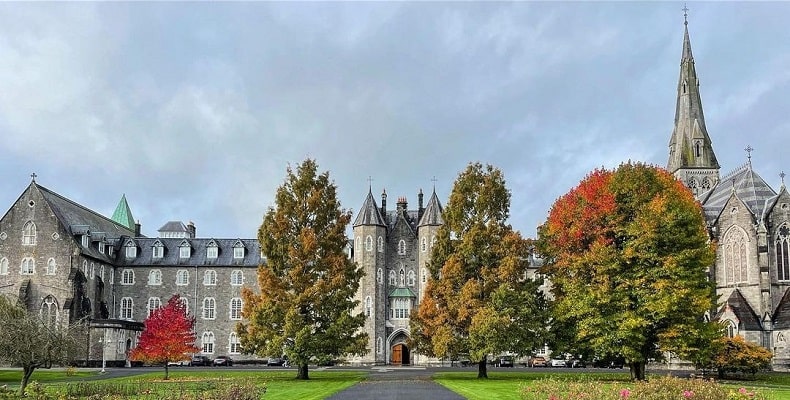 maynooth university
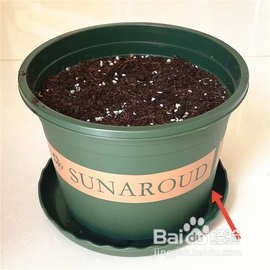 爬藤牵牛花的种植方法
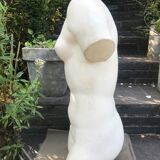 Plaster bust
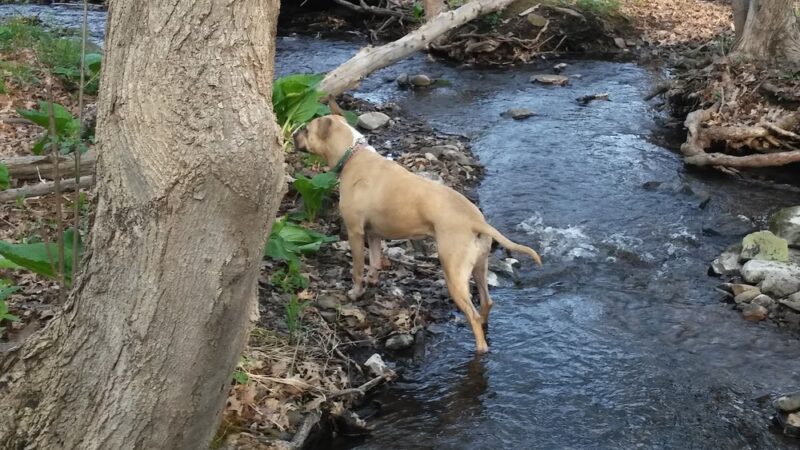 Community Field - Holyoke, MA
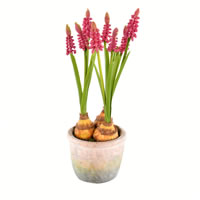Vickerman 10" Artificial Hyacinths in Container
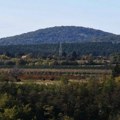 Odbegli bizon vraćen u ograđeni deo Nacionalnog parka Fruška gora
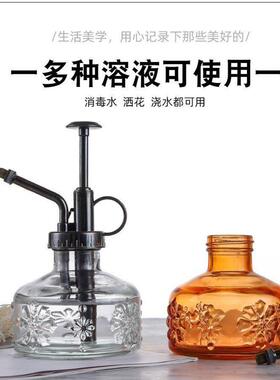玻璃喷壶ins欧式复古园艺洒水壶玻璃家用小型压力浇水喷雾瓶摆件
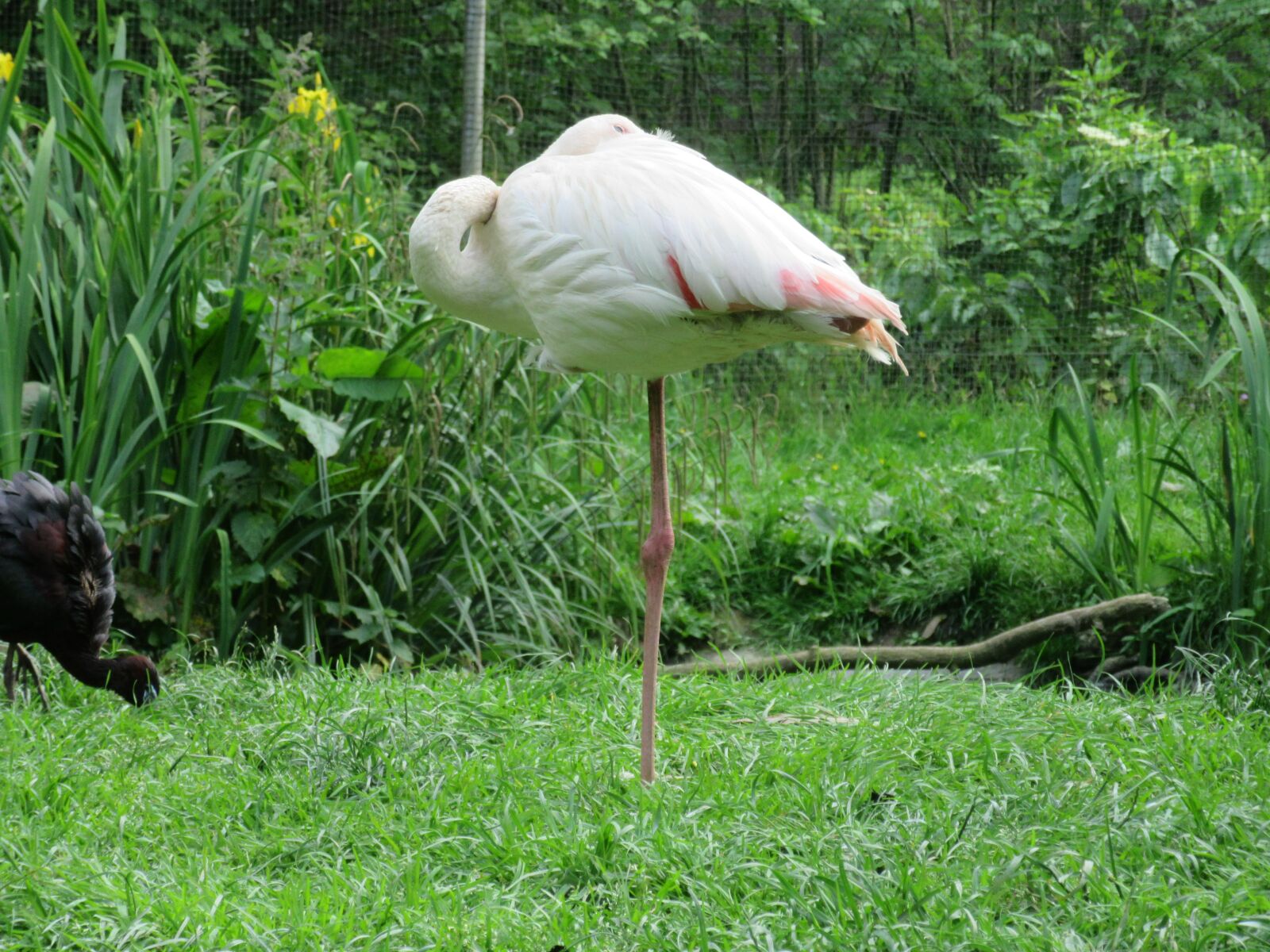 Canon PowerShot SX600 HS sample photo. Flamingo, zoo, animal photography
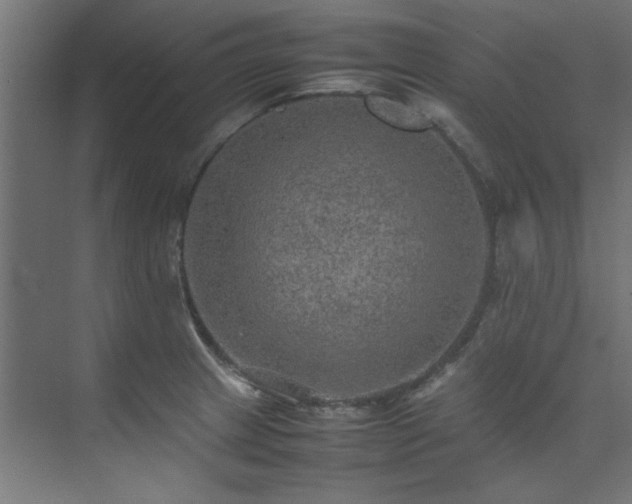 X0000074291233200608251336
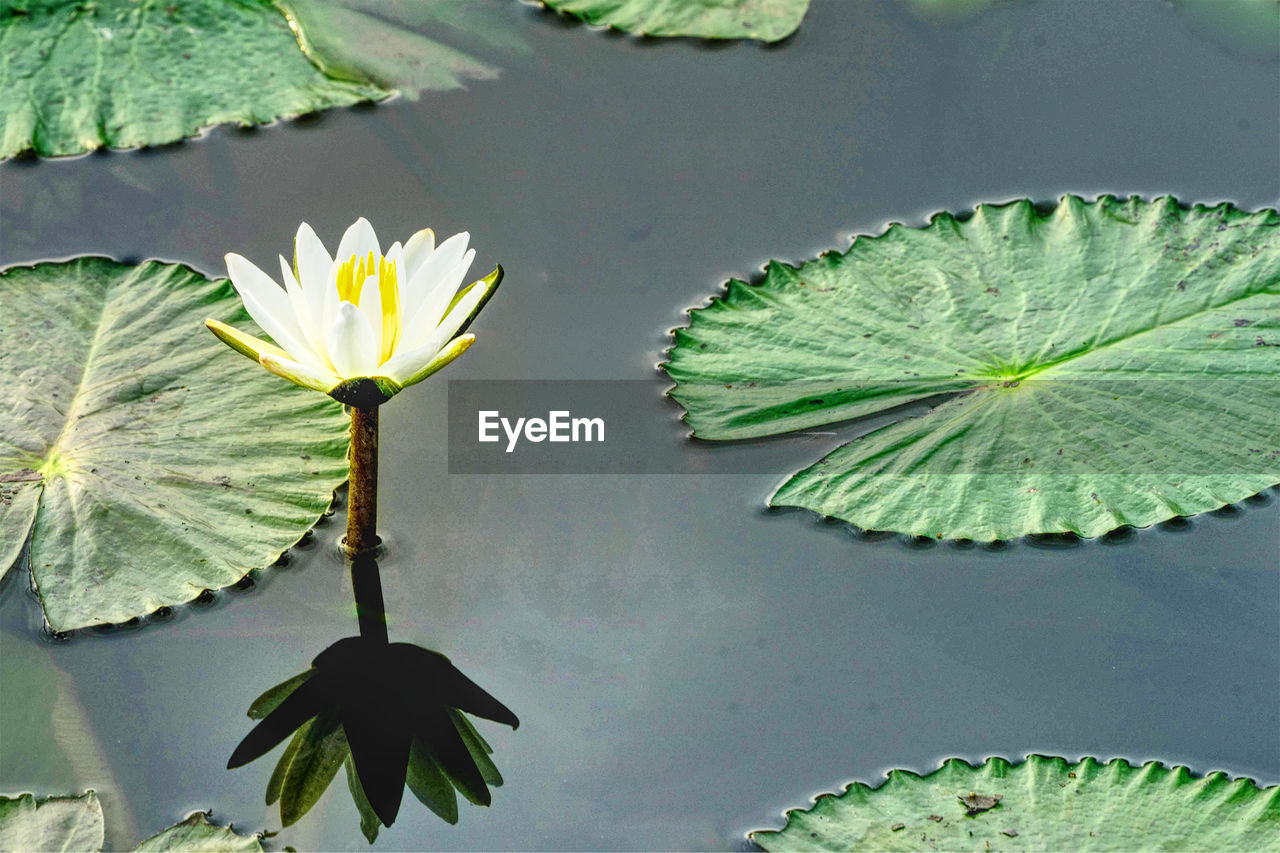 Close-up of lotus water lotus in lake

........

• Problem to solve: From the first line to the last, transcribe the listing exactly; skip the pictures.

• Exercise answer:
 maynooth university
 爬藤牵牛花的种植方法
 Plaster bust
 Community Field - Holyoke, MA
Vickerman 10" Artificial Hyacinths in Container
 Odbegli bizon vraćen u ograđeni deo Nacionalnog parka Fruška gora
玻璃喷壶ins欧式复古园艺洒水壶玻璃家用小型压力浇水喷雾瓶摆件
 Canon PowerShot SX600 HS sample photo. Flamingo, zoo, animal photography
 X0000074291233200608251336
 Close-up of lotus water lotus in lake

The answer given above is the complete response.